15 December 2007
Prehistoric toolkit unearthed in Jordan
Before the end of the last ice age, a hunter-gatherer left a bag of tools near the wall of a roundhouse residence, where archaeologists have now found the collection 14,000 years later. The tool set - one of the most complete and well preserved of its kind - provides an intriguing glimpse of the daily life of a prehistoric hunter-gatherer.

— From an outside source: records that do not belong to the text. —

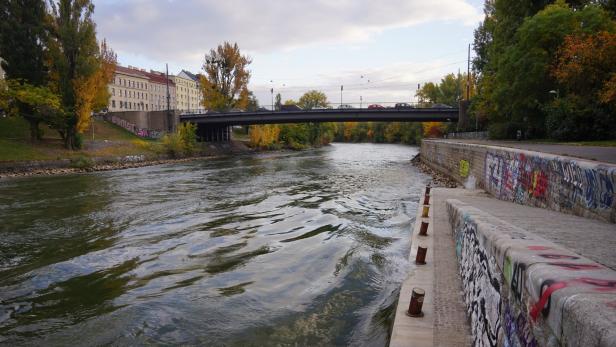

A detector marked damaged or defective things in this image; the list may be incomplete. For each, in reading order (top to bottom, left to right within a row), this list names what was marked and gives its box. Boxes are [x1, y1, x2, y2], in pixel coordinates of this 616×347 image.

rusty metal post [406, 288, 426, 318]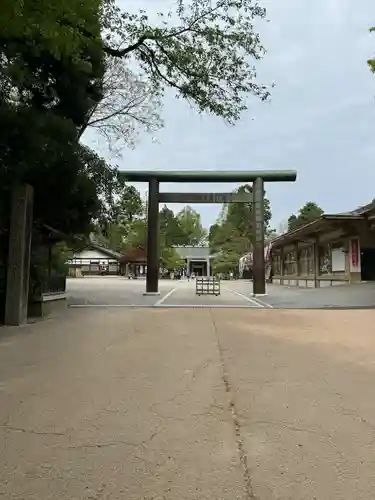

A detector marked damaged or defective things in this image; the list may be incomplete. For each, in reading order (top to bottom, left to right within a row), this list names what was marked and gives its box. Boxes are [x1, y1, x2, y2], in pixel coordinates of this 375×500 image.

crack in pavement [210, 310, 258, 498]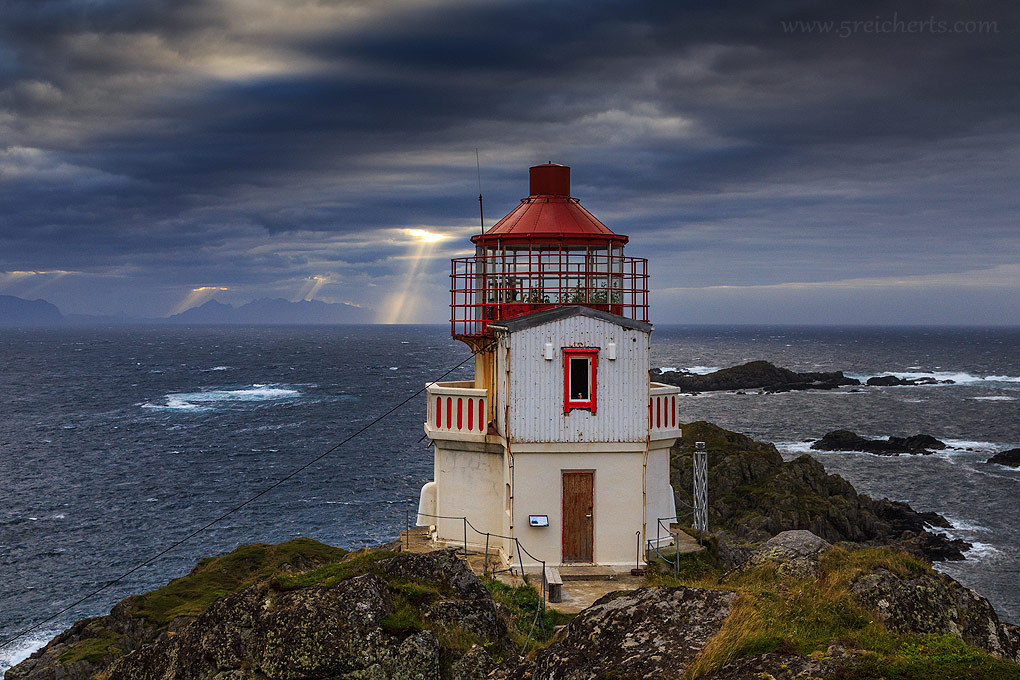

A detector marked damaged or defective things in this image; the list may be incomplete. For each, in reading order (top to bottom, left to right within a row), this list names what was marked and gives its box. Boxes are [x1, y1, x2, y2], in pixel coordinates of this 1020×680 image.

rusty metal panel [505, 316, 648, 444]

The contents, as described by Phillip Edwards, a senior lecturer in the Archaeology Program at Melbourne's La Trobe University, show the owner of the bag was well equipped for obtaining meat and edible plants in the wild. "There was a sickle for harvesting wild wheat or barley, a cluster of flint spearheads, a flint core for making more spearheads, some smooth stones (maybe slingshots), a large stone (maybe for striking flint pieces off the flint core), a cluster of gazelle toe bones which were used to make beads, and part of a second bone tool," he said. Edwards outlines the finds, attributed to the Natufian culture from a site called Wadi Hammeh 27 in Jordan, in the latest issue of Antiquity.

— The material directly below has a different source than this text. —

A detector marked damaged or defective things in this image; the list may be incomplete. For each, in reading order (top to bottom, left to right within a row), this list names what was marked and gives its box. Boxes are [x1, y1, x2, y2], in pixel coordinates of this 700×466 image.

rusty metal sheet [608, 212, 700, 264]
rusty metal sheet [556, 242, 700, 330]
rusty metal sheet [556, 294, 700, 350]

He believes the tools were enclosed in a hide or wickerwork bag with a strap that would have been worn over the shoulder. Such bags rarely had compartments, so the owner probably protected valuable items by wrapping them in rolls of bark or leather before placing them at the bottom of the bag. The sickle, constructed out of two carefully grooved horn pieces, was fitted with color-matched tan and grey bladelets. It would have been a marvel of form and function for its day and is the only tool of its kind ever linked to the Natufian people. The rest of the items were designed to immobilize and then kill game such as aurochs, red deer, hares, storks, partridges, owls, tortoises and the major source of meat - gazelles. "We don't know if Natufian hunters had the bow and arrow, or just spears," Edwards explained.
But the bag's owner wasn't necessarily a man; women are thought to have been in charge of plant gathering. The tools, therefore, either belonged to a woman hunter-gatherer, or work activities were more gender-blind than thought during prehistoric times, Edwards theorized.
Francois Valla, director of the French Research Center in Jerusalem and a noted archaeologist, said that similar ancient clusters of tools have been excavated, but this latest one is "the most spectacular of them all." "The clustering of these items is due to a decision made by some Natufian individual," Valla said. "As such, it is a rare testimony of the behavior of a person 14,000 years ago." The toolkit's showpiece item, its double-bladed sickle, is now on display in the museum of the Faculty of Archaeology & Anthropology at Jordan's Yarmouk University.